* [PROBLEM REQUIREMENTS]: Your response should consist of the entries below, reproduced exactly and without their images.

Records from a collection:
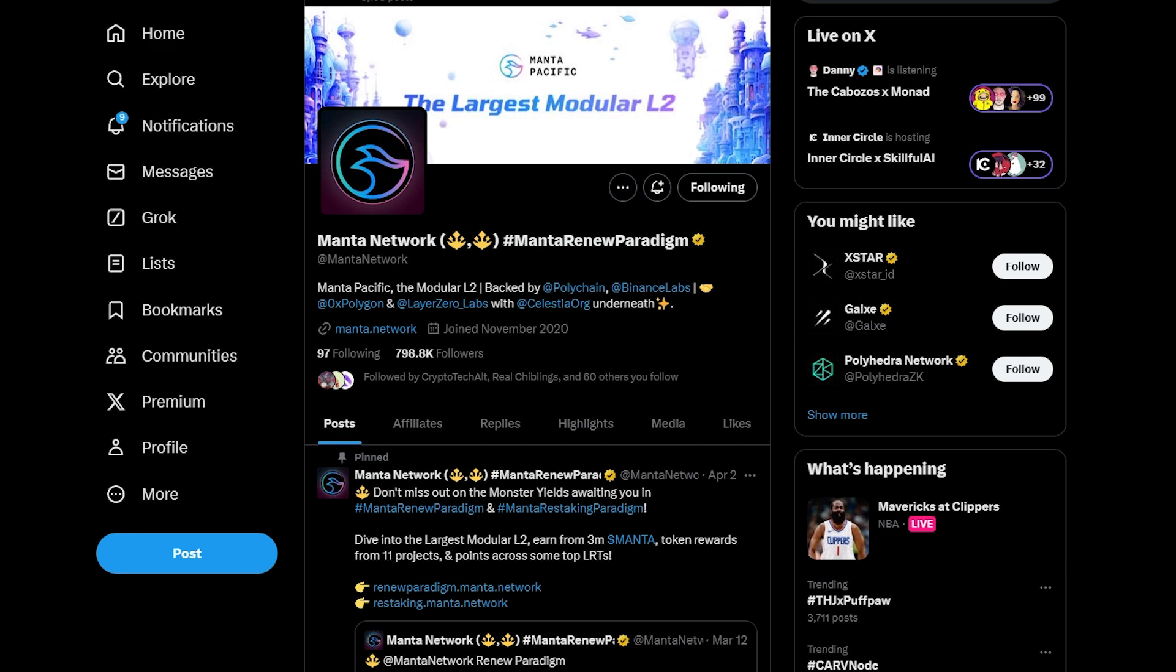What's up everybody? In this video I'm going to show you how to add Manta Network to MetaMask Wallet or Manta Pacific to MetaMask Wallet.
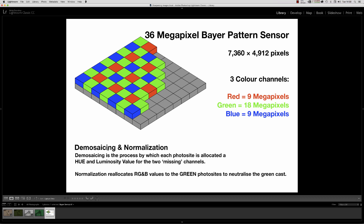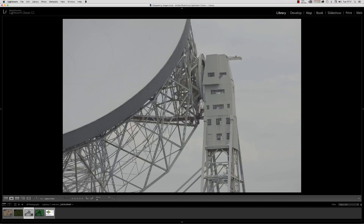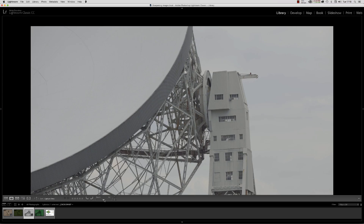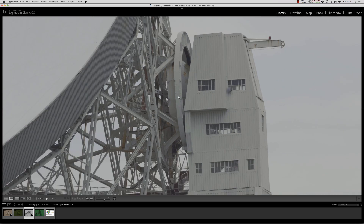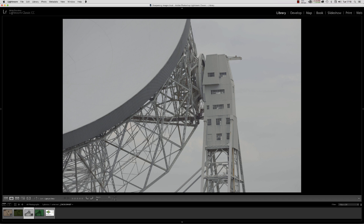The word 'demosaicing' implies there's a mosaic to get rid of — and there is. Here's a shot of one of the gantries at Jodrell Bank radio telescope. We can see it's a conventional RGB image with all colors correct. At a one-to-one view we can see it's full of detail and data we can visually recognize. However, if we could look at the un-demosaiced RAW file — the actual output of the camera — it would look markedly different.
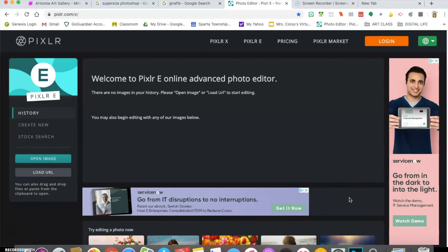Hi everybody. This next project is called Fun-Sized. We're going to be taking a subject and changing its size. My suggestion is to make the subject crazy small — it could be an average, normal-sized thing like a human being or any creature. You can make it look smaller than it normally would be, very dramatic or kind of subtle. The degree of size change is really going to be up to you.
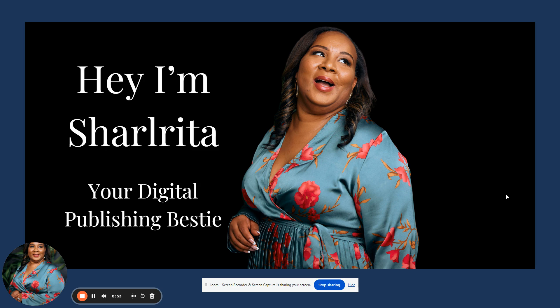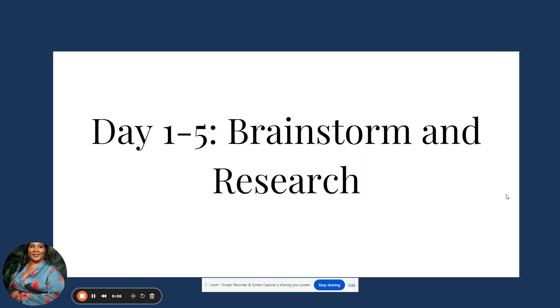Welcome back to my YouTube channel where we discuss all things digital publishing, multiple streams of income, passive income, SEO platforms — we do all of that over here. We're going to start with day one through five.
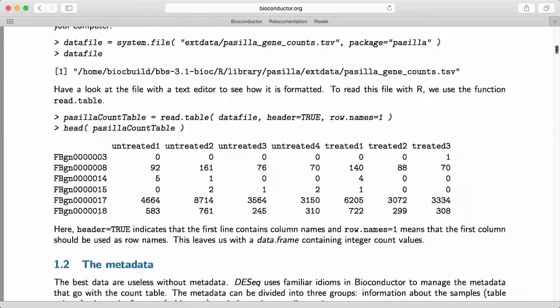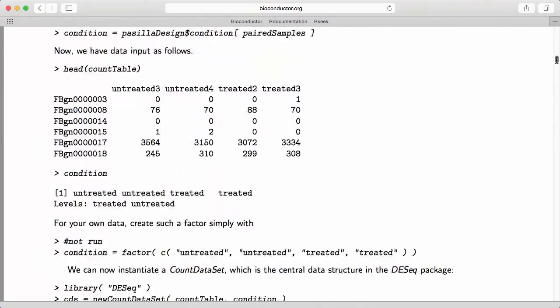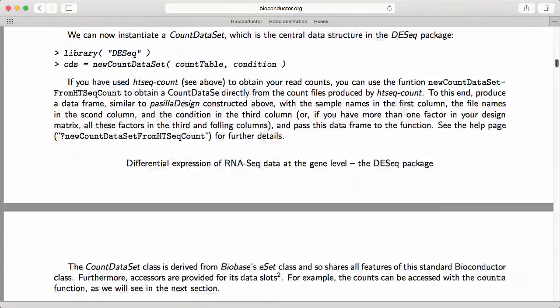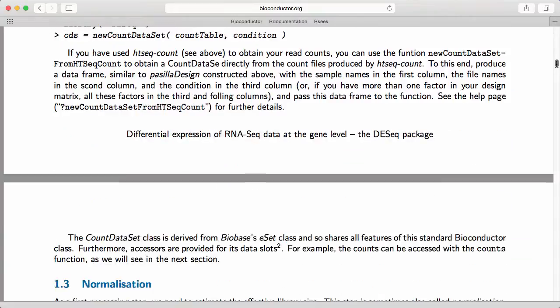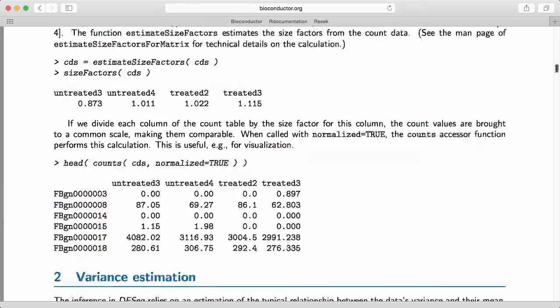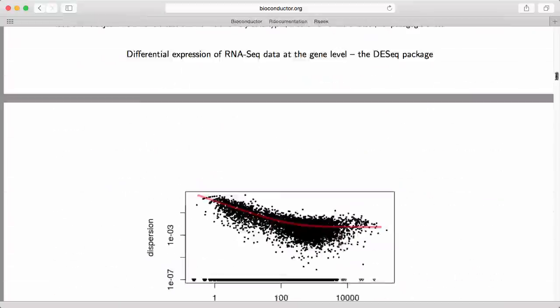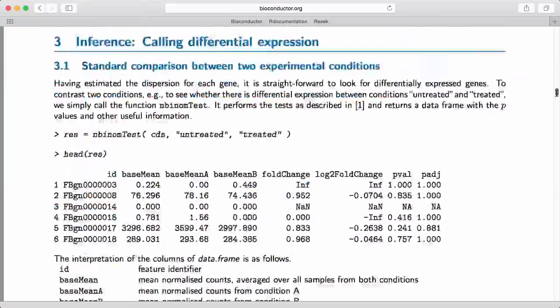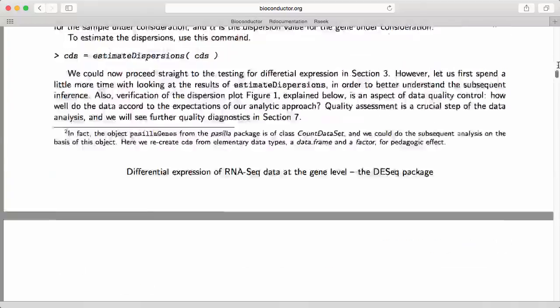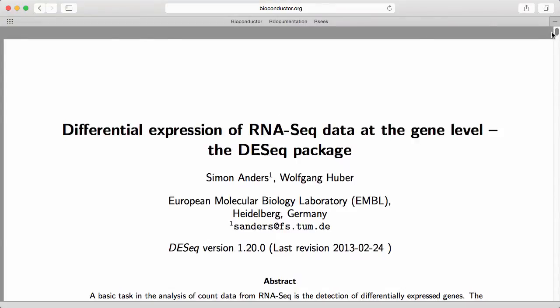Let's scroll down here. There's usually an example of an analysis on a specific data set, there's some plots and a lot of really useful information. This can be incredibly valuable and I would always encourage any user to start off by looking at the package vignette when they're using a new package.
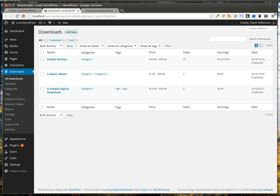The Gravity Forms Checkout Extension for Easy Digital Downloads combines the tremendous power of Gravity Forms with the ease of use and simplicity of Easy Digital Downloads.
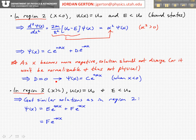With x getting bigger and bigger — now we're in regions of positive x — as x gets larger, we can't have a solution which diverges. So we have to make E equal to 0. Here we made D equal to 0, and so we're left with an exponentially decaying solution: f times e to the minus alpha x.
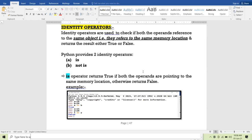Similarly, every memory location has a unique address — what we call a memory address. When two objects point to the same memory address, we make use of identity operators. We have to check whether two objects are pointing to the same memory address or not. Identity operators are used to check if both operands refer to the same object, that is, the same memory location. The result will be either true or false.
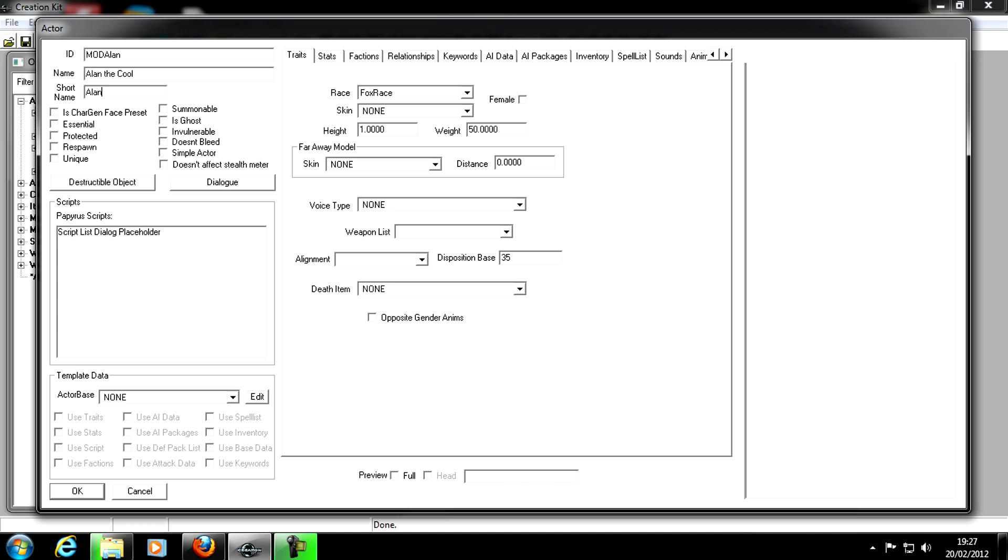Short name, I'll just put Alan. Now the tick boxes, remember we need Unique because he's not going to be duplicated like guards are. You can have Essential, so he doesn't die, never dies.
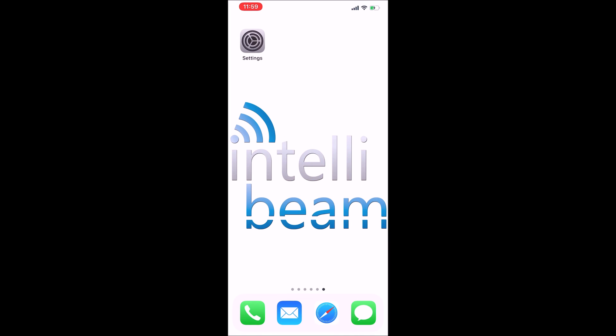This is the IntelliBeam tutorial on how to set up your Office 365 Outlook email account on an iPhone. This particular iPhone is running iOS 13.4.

* [THE ANSWER]:
What's up everybody? In this video I'm going to show you how to add Manta Network to MetaMask Wallet or Manta Pacific to MetaMask Wallet.
The word 'demosaicing' implies there's a mosaic to get rid of — and there is. Here's a shot of one of the gantries at Jodrell Bank radio telescope. We can see it's a conventional RGB image with all colors correct. At a one-to-one view we can see it's full of detail and data we can visually recognize. However, if we could look at the un-demosaiced RAW file — the actual output of the camera — it would look markedly different.
Hi everybody. This next project is called Fun-Sized. We're going to be taking a subject and changing its size. My suggestion is to make the subject crazy small — it could be an average, normal-sized thing like a human being or any creature. You can make it look smaller than it normally would be, very dramatic or kind of subtle. The degree of size change is really going to be up to you.
Welcome back to my YouTube channel where we discuss all things digital publishing, multiple streams of income, passive income, SEO platforms — we do all of that over here. We're going to start with day one through five.
Let's scroll down here. There's usually an example of an analysis on a specific data set, there's some plots and a lot of really useful information. This can be incredibly valuable and I would always encourage any user to start off by looking at the package vignette when they're using a new package.
The Gravity Forms Checkout Extension for Easy Digital Downloads combines the tremendous power of Gravity Forms with the ease of use and simplicity of Easy Digital Downloads.
With x getting bigger and bigger — now we're in regions of positive x — as x gets larger, we can't have a solution which diverges. So we have to make E equal to 0. Here we made D equal to 0, and so we're left with an exponentially decaying solution: f times e to the minus alpha x.
Similarly, every memory location has a unique address — what we call a memory address. When two objects point to the same memory address, we make use of identity operators. We have to check whether two objects are pointing to the same memory address or not. Identity operators are used to check if both operands refer to the same object, that is, the same memory location. The result will be either true or false.
Short name, I'll just put Alan. Now the tick boxes, remember we need Unique because he's not going to be duplicated like guards are. You can have Essential, so he doesn't die, never dies.
This is the IntelliBeam tutorial on how to set up your Office 365 Outlook email account on an iPhone. This particular iPhone is running iOS 13.4.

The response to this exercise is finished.